▶ _WHAT THE TASK ASKS_
A verbatim copy of the listing is what is needed, minus any pictures.

▶ _RECORDS TO PROCESS_
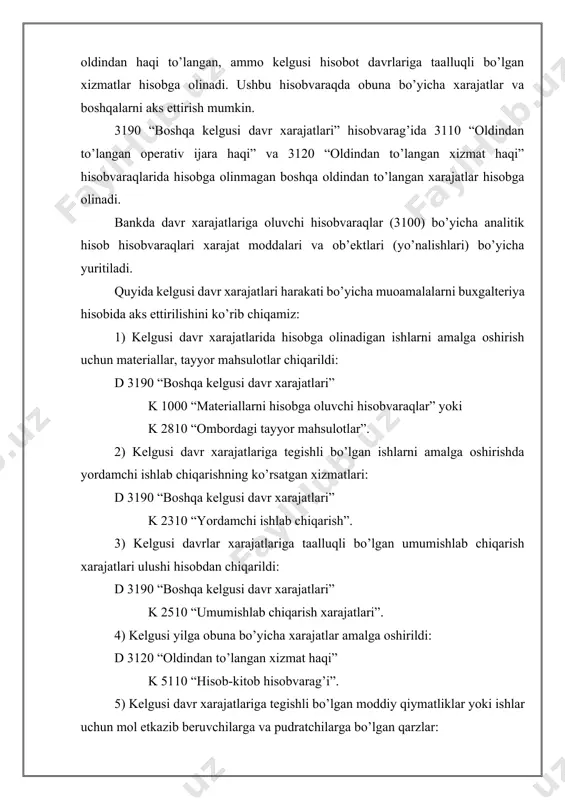 rilgan foyda solig’i” hisobvarag’ining kreditida aks ettiriladi. shunday qilib, 3210 “vaqtinchalik farqlar bo’yicha kechiktirilgan foyda solig’i” hisobvarag’ining debetidagi qoldiq joriy hisobot davrida byudjetga to’lanadigan umumiy soliq summasining kamaytirilishi lozim bo’lgan soliq summasining joriy qismini ko’rsatadi. 3220 “diskont (chegirma)lar bo’yicha kechiktirilgan xarajatlar” hisobvarag’i qoplanish muddati davomida xarajatlarga taqsimlanib boriladigan obligatsiya diskont (chegirma)lar bo’yicha korxonaning uzoq muddatli kechiktirilgan xarajatlarining joriy qismini aks ettiradi. ushbu hisobvaraq faqat obligatsiyalarni sotuvchi (emitent)lar tomonidan qo’llaniladi. obligatsiyalarni chegirma bilan sotish 3220 “diskont (chegirma)lar bo’yicha kechiktirilgan xarajatlar” yoki 0960 “diskont (chegirma)lar bo’yicha uzoq muddatli kechiktirilgan xarajatlar” hisobvaraqlari diskont (chegirma)lar summasi va olingan summaga pul mablag’larini hisobga oluvchi hisobvaraqlar debetida va 6830 “to’lanadigan obligatsiyalar" hisobvarag’ining kreditida aks ettiriladi. obligatsiyalar bo’yicha joriy diskont (chegirma)lar hisoblanganda 9610 “foizlar ko’rinishidagi xarajatlar” hisobvarag’i debetlanadi va 3220 “diskont (chegirma)lar bo’yicha kechiktirilgan xarajatlar” hisobvarag’i kreditlanadi. boshqa kechiktirilgan xarajatlarning joriy qismiga, uzoq muddatli qismi 0990 “boshqa uzoq muddatli kechiktirilgan xarajatlar” hisobvarag’ida hisobga olinadigan va bankda davr …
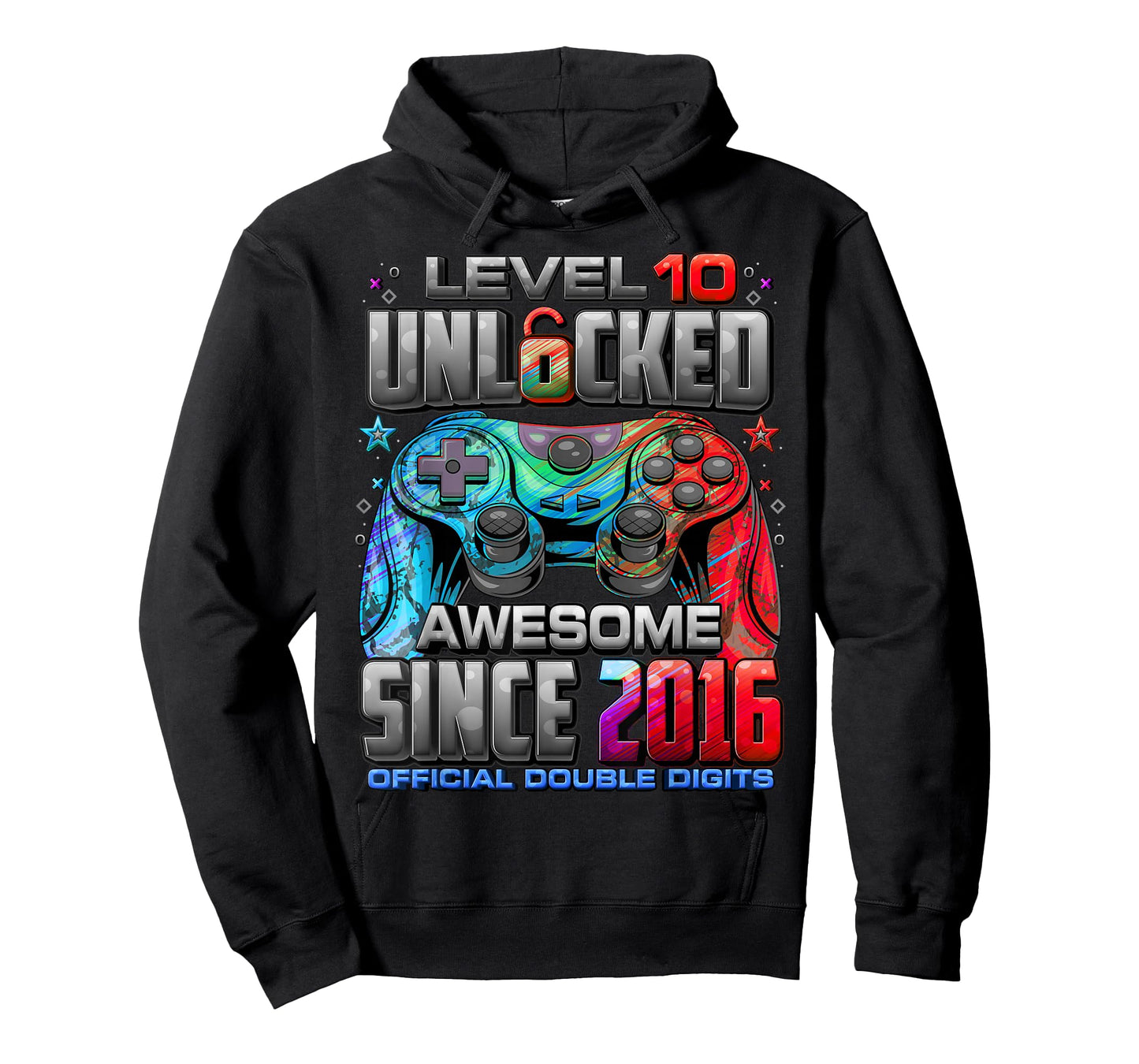 Level 10 Unlocked Awesome Since 2016 10th Birthday Gaming T-Shirt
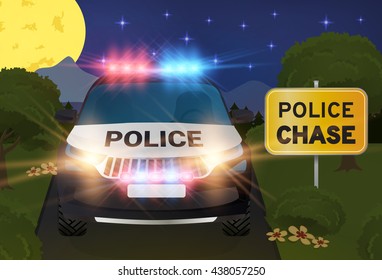 Police car in the night flat vector illustration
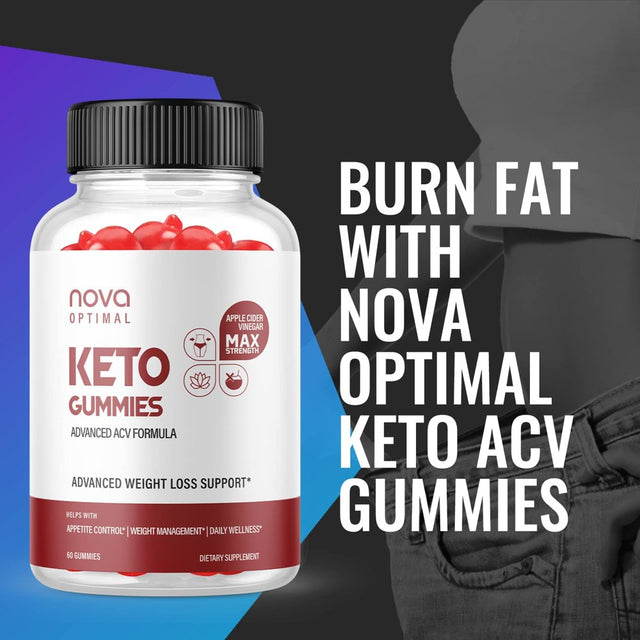 (2 Pack) Nova Optimal Keto Gummies - Supplement for Weight Loss - Energy & Focus Boosting Dietary Supplements for Weight Management & Metabolism - Fat Burn - 120 Gummies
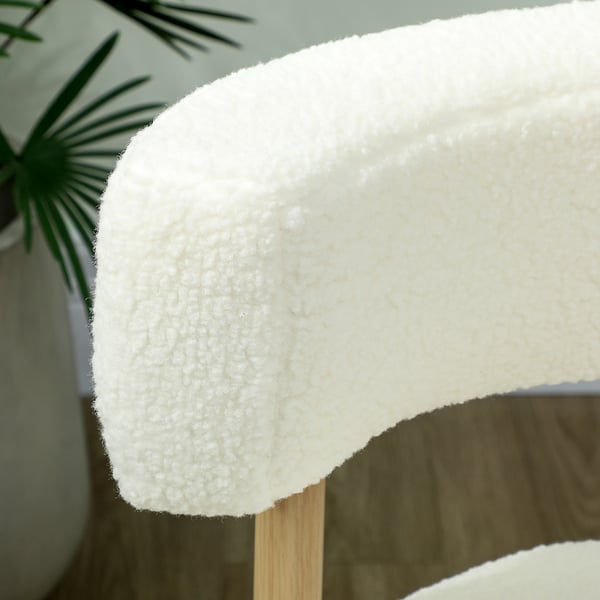 Lounge Stol 67x67x71 cm Hvid, Sherpa-Fleece polstring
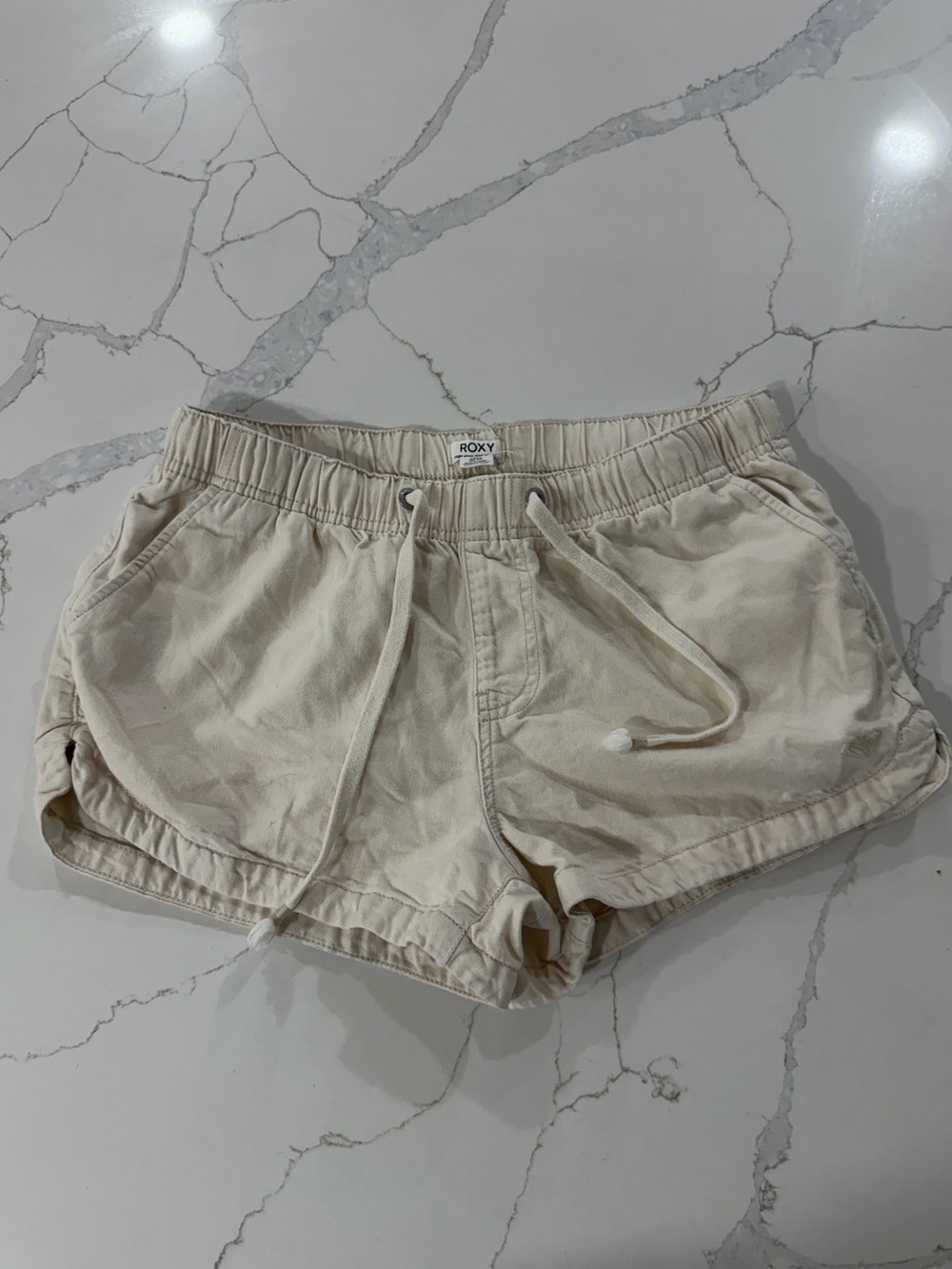 Roxy cream mini shorts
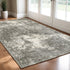 2' X 3' Gray And Ivory Distressed Abstract Scatter Rug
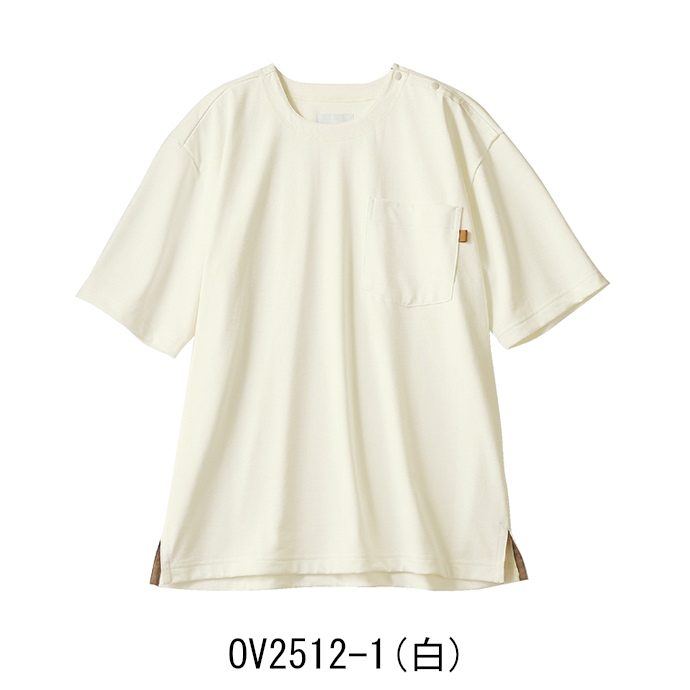ワイドTシャツ（白）半袖　制菌　吸汗速乾　形態安定　男女兼用　OV2512-1 住商モンブラン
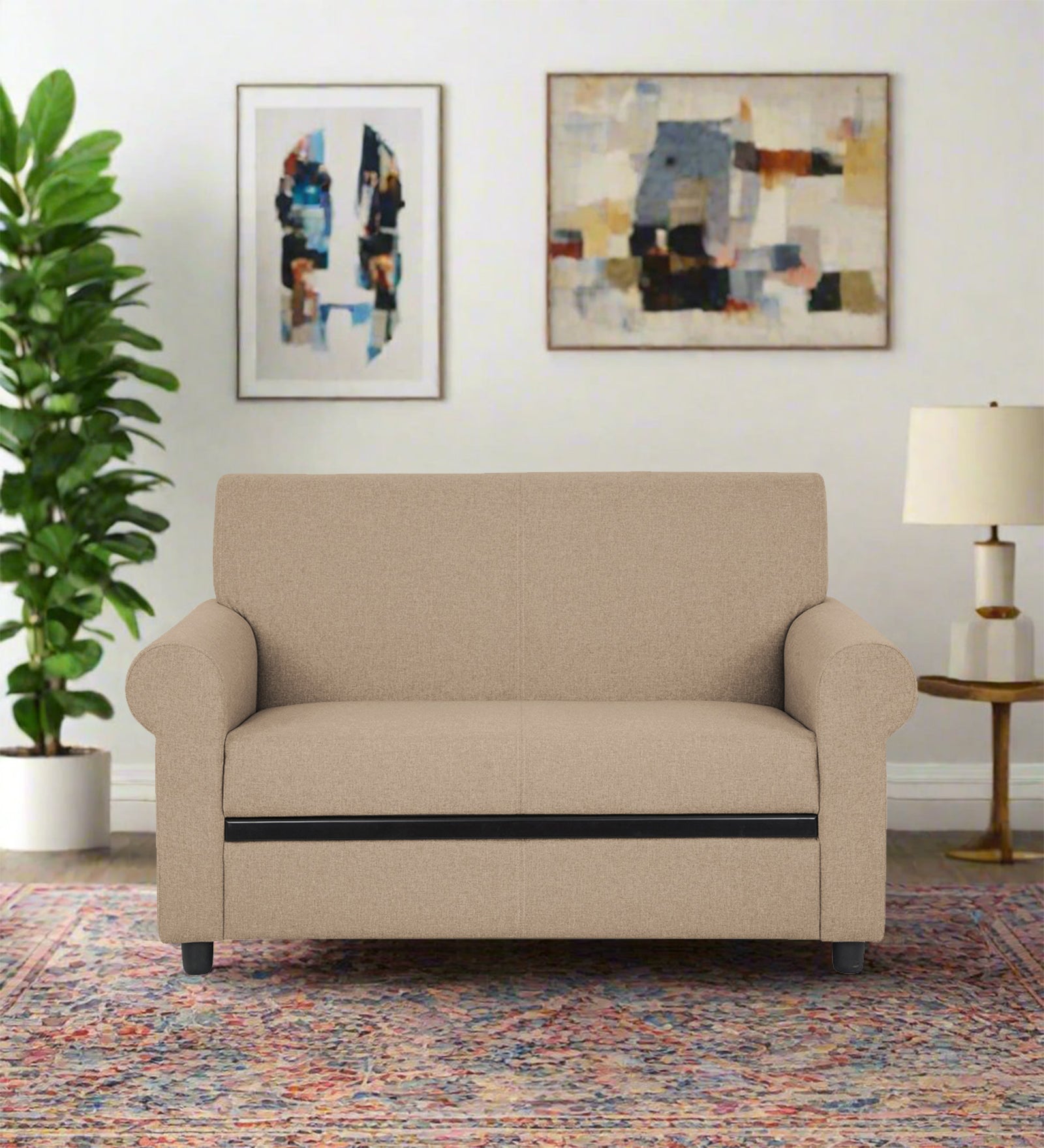 Ribby Fabric 2 Seater Sofa In Olive Beige Colour - Febonic Living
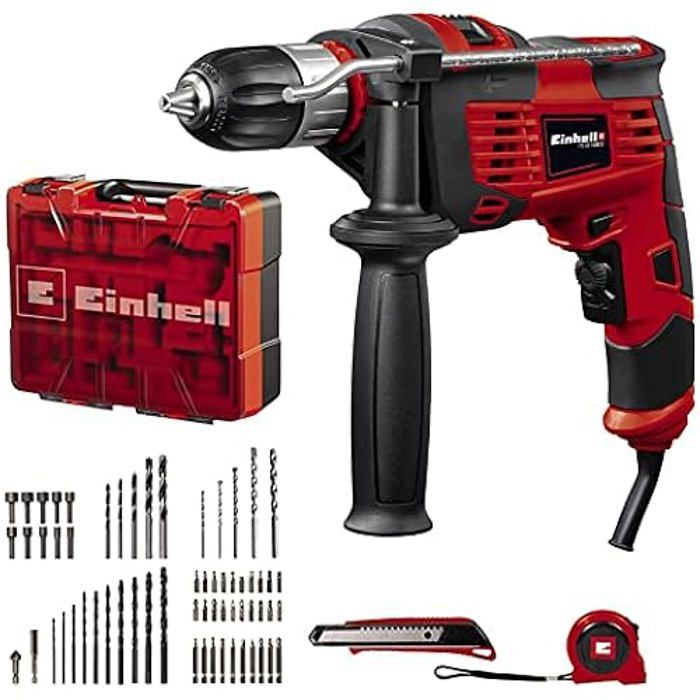 Einhell Visseuse perceuse à percussion TC ID 1000 E Kit +64 1 variateur électronique mandrin auto serrant 13 mm fréquence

▶ _ANSWER SECTION_
 rilgan foyda solig’i” hisobvarag’ining kreditida aks ettiriladi. shunday qilib, 3210 “vaqtinchalik farqlar bo’yicha kechiktirilgan foyda solig’i” hisobvarag’ining debetidagi qoldiq joriy hisobot davrida byudjetga to’lanadigan umumiy soliq summasining kamaytirilishi lozim bo’lgan soliq summasining joriy qismini ko’rsatadi. 3220 “diskont (chegirma)lar bo’yicha kechiktirilgan xarajatlar” hisobvarag’i qoplanish muddati davomida xarajatlarga taqsimlanib boriladigan obligatsiya diskont (chegirma)lar bo’yicha korxonaning uzoq muddatli kechiktirilgan xarajatlarining joriy qismini aks ettiradi. ushbu hisobvaraq faqat obligatsiyalarni sotuvchi (emitent)lar tomonidan qo’llaniladi. obligatsiyalarni chegirma bilan sotish 3220 “diskont (chegirma)lar bo’yicha kechiktirilgan xarajatlar” yoki 0960 “diskont (chegirma)lar bo’yicha uzoq muddatli kechiktirilgan xarajatlar” hisobvaraqlari diskont (chegirma)lar summasi va olingan summaga pul mablag’larini hisobga oluvchi hisobvaraqlar debetida va 6830 “to’lanadigan obligatsiyalar" hisobvarag’ining kreditida aks ettiriladi. obligatsiyalar bo’yicha joriy diskont (chegirma)lar hisoblanganda 9610 “foizlar ko’rinishidagi xarajatlar” hisobvarag’i debetlanadi va 3220 “diskont (chegirma)lar bo’yicha kechiktirilgan xarajatlar” hisobvarag’i kreditlanadi. boshqa kechiktirilgan xarajatlarning joriy qismiga, uzoq muddatli qismi 0990 “boshqa uzoq muddatli kechiktirilgan xarajatlar” hisobvarag’ida hisobga olinadigan va bankda davr …
 Level 10 Unlocked Awesome Since 2016 10th Birthday Gaming T-Shirt
 Police car in the night flat vector illustration
 (2 Pack) Nova Optimal Keto Gummies - Supplement for Weight Loss - Energy & Focus Boosting Dietary Supplements for Weight Management & Metabolism - Fat Burn - 120 Gummies
 Lounge Stol 67x67x71 cm Hvid, Sherpa-Fleece polstring
 Roxy cream mini shorts
 2' X 3' Gray And Ivory Distressed Abstract Scatter Rug
ワイドTシャツ（白）半袖　制菌　吸汗速乾　形態安定　男女兼用　OV2512-1 住商モンブラン
 Ribby Fabric 2 Seater Sofa In Olive Beige Colour - Febonic Living
 Einhell Visseuse perceuse à percussion TC ID 1000 E Kit +64 1 variateur électronique mandrin auto serrant 13 mm fréquence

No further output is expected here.